BEGIN

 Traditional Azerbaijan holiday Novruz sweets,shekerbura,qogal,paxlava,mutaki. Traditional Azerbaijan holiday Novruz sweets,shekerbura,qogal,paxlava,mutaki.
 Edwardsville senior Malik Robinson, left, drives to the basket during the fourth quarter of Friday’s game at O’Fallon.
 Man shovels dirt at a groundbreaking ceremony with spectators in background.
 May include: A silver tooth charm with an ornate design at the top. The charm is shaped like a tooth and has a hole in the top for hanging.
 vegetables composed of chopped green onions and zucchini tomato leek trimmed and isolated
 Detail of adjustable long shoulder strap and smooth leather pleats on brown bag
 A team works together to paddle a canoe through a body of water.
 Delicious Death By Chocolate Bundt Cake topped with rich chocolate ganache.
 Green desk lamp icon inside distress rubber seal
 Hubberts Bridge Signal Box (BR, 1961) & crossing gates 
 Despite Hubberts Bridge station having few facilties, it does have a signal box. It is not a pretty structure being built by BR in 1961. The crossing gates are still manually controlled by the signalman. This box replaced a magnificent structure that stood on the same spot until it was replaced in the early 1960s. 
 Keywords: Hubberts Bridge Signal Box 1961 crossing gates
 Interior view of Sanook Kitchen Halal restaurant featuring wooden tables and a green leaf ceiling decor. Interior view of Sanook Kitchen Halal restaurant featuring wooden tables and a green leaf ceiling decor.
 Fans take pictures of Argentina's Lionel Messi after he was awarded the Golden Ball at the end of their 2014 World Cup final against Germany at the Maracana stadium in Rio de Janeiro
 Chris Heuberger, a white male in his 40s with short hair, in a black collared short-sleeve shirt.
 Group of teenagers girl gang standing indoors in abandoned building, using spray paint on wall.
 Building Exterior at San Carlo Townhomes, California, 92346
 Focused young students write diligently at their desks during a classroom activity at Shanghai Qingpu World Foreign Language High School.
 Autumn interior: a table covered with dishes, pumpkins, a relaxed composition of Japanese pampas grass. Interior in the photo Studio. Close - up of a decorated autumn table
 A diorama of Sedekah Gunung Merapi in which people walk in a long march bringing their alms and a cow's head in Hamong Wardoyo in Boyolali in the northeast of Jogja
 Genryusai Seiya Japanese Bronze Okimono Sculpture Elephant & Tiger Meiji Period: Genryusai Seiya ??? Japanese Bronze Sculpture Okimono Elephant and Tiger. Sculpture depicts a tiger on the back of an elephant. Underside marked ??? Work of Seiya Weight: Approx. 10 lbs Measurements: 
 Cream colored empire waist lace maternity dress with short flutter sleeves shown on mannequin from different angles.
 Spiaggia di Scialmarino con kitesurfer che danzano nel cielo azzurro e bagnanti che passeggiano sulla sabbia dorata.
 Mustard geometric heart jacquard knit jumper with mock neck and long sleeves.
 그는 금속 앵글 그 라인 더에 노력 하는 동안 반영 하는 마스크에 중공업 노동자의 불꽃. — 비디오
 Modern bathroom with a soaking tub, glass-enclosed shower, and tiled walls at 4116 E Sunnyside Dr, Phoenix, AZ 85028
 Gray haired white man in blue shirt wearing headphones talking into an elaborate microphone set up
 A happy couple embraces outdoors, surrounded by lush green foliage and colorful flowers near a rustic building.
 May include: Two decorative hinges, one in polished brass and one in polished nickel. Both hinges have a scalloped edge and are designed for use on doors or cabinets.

END

**TASK DIRECTIONS**
Among the records above, a stretch begins at the line containing "Fans take pictures" and ends at the line containing "A diorama of". Restate that stretch word for word, and nothing else.

**FINAL ANSWER**
 Fans take pictures of Argentina's Lionel Messi after he was awarded the Golden Ball at the end of their 2014 World Cup final against Germany at the Maracana stadium in Rio de Janeiro
 Chris Heuberger, a white male in his 40s with short hair, in a black collared short-sleeve shirt.
 Group of teenagers girl gang standing indoors in abandoned building, using spray paint on wall.
 Building Exterior at San Carlo Townhomes, California, 92346
 Focused young students write diligently at their desks during a classroom activity at Shanghai Qingpu World Foreign Language High School.
 Autumn interior: a table covered with dishes, pumpkins, a relaxed composition of Japanese pampas grass. Interior in the photo Studio. Close - up of a decorated autumn table
 A diorama of Sedekah Gunung Merapi in which people walk in a long march bringing their alms and a cow's head in Hamong Wardoyo in Boyolali in the northeast of Jogja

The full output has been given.